Curitiba - Após ter desistido da disputa pela presidência da Câmara Federal, conquistada pelo peemedebista Michel Temer, o deputado federal Osmar Serraglio (PMDB/PR) assume agora uma missão própria dos tempos de crise entre Judiciário e Legislativo. Em entrevista ontem à FOLHA, Serraglio explica que sua tarefa é ''agilizar'' a regulamentação de artigos da Constituição Federal, na tentativa de evitar que os dois Poderes novamente entrem em conflito. ''É para acabar com aquele negócio do STF (Supremo Tribunal Federal) e do TSE (Tribunal Superior Eleitoral) ficarem invadindo a seara do Legislativo, argumentando que a gente está sendo omisso'', afirma o peemedebista.
Um dos episódios mais críticos da relação entre os dois Poderes é recente. A Câmara tentou resistir a uma decisão do TSE, que cassava por infidelidade partidária o mandato de um parlamentar. A questão da troca de legenda ''sem justa causa'' acabou sendo tratada numa resolução publicada pelo TSE em 2007, depois da discussão sobre o tema ter sido adiada pelo Congresso Nacional. ''Vamos fazer um levantamento, em parceria com o STF e o TSE, para identificar o que é prioridade. Existem mais de 100 leis na Constituição que não foram regulamentadas. Criação de município, greve de servidor público, por exemplo. Não tem regulamentação nenhuma. O objetivo é que cada um faça o seu papel'', disse ele.
O convite para atuar como uma espécie de interlocutor, função ainda não exercida por ninguém na Casa, surgiu na conversa entre ele e Temer, no último domingo, um dia antes da eleição que definiu o novo presidente da Câmara. O paranaense admite que o tom da conversa tinha ligação com o fato da cúpula do PMDB não aprovar sua candidatura ''avulsa'' ao comando da Casa. Ele afirma, contudo, que não encara sua missão como uma troca, por ter saído da disputa. Serraglio garante que desistiu da eleição para evitar que seu partido ficasse numa situação ''complicada''.
Apesar da aparente vantagem de Temer na disputa, os votos de Serraglio poderiam colocar em risco a vitória de um peemedebista ainda no primeiro turno. ''Na reta final, eu sabia que não ganharia do Temer. Mas eu poderia fazer votos suficientes para provocar um segundo turno entre Temer e o Ciro Nogueira (PP/PI). Imagina eu ficar responsável por isso?'', argumentou ele.

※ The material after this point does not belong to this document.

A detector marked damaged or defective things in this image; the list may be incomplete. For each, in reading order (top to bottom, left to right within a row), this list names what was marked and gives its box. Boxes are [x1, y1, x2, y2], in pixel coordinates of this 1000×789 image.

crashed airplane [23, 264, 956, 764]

Questionado sobre se o comando do PMDB teria ainda articulado sua indicação ao Tribunal de Contas da União (TCU), na tentativa de convencê-lo a ficar fora da disputa da Câmara, Serraglio nega. ''É claro que um partido quer ocupar espaços assim e, quando eles surgem, eu sou cotado por conta do meu perfil, mas a indicação ao TCU não procede''. A próxima vaga no TCU será aberta com a aposentadoria compulsória do ministro Marcos Vilaça, que completa 70 anos em 30 de junho de 2009. A indicação de um novo nome ao posto cabe ao presidente Lula (PT), que apoiou a vitória de Temer na Câmara.

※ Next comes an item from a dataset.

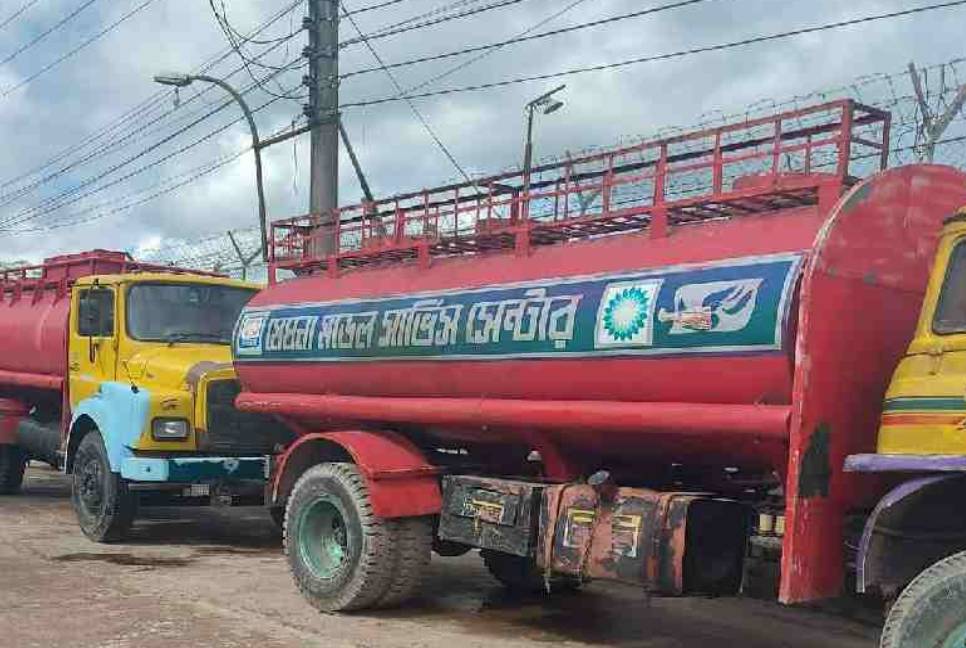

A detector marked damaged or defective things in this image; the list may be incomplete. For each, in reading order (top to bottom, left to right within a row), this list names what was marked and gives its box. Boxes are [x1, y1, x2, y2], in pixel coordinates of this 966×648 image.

rusted metal panel [438, 476, 544, 556]
rusted metal panel [536, 484, 748, 596]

Em carta pública, divulgada após o resultado da eleição, Serraglio agradeceu especialmente os membros da bancada paranaense que admitiram o voto ''regional''. ''O Paraná nunca teve um Presidente da Câmara dos Deputados. Cheguei a Primeiro Secretário 45 anos depois que o último paranaense atingiu tal posto. Sei que despertei o espírito paranista ao me lançar candidato e quero agradecer a tantas manifestações de apoio (...). Preferi a unidade e a vitória do partido. A imprensa registrou que minha desistência ''foi vital'' para a eleição de Temer'', escreveu ele.